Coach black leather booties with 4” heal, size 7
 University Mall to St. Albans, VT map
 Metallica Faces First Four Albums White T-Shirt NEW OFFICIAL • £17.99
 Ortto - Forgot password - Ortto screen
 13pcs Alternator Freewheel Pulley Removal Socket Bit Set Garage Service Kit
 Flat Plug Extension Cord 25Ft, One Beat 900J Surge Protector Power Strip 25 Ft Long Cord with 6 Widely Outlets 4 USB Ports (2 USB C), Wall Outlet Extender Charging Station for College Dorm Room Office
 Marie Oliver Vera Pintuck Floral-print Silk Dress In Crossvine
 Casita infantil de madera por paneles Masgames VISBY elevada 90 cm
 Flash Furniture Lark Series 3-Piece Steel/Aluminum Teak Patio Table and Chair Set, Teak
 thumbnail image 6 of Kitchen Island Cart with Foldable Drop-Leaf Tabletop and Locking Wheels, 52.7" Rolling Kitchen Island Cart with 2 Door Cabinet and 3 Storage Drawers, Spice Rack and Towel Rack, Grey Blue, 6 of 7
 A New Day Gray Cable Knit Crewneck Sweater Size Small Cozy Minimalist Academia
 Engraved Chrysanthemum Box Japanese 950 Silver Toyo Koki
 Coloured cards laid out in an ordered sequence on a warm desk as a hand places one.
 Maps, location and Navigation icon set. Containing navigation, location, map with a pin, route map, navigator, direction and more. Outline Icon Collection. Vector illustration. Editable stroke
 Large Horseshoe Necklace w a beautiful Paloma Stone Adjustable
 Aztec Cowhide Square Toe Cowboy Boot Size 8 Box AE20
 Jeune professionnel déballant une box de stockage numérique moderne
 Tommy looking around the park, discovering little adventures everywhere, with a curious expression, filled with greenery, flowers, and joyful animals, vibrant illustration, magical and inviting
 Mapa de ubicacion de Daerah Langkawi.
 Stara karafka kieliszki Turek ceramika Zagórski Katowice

How to complete this task: Once you find the line with "A New Day Gray" in the entries above, output it and each line after it up to and including the line with "Coloured cards laid", and nothing else.

Reply:
 A New Day Gray Cable Knit Crewneck Sweater Size Small Cozy Minimalist Academia
 Engraved Chrysanthemum Box Japanese 950 Silver Toyo Koki
 Coloured cards laid out in an ordered sequence on a warm desk as a hand places one.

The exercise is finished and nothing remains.